Your goal —
For the copy, please give all of the data again exactly and leave the pictures out.

Data provided —
:::
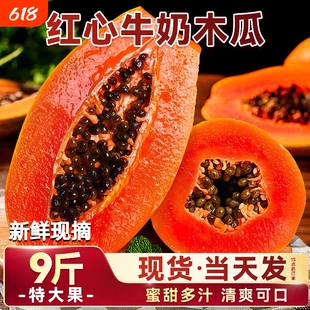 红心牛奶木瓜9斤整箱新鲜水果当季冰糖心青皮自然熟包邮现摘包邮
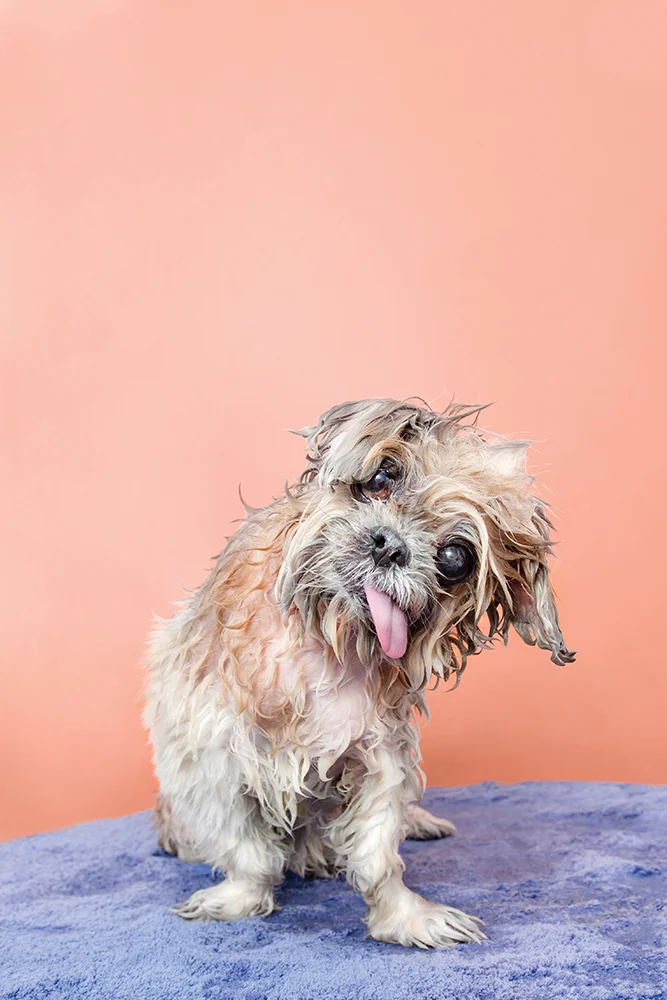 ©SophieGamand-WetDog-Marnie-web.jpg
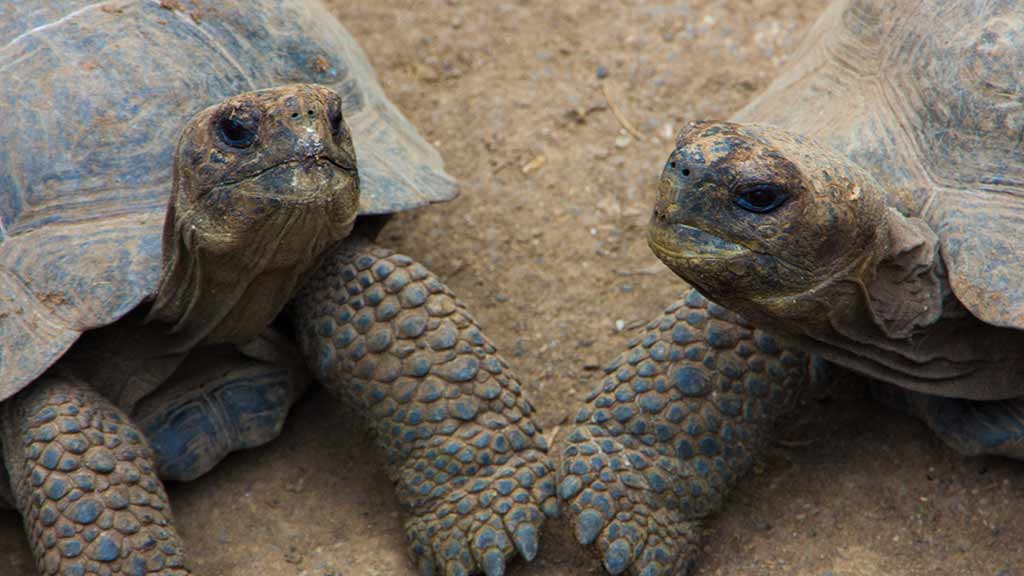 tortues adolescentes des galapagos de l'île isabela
:::
Result of this exercise —
 红心牛奶木瓜9斤整箱新鲜水果当季冰糖心青皮自然熟包邮现摘包邮
 ©SophieGamand-WetDog-Marnie-web.jpg
 tortues adolescentes des galapagos de l'île isabela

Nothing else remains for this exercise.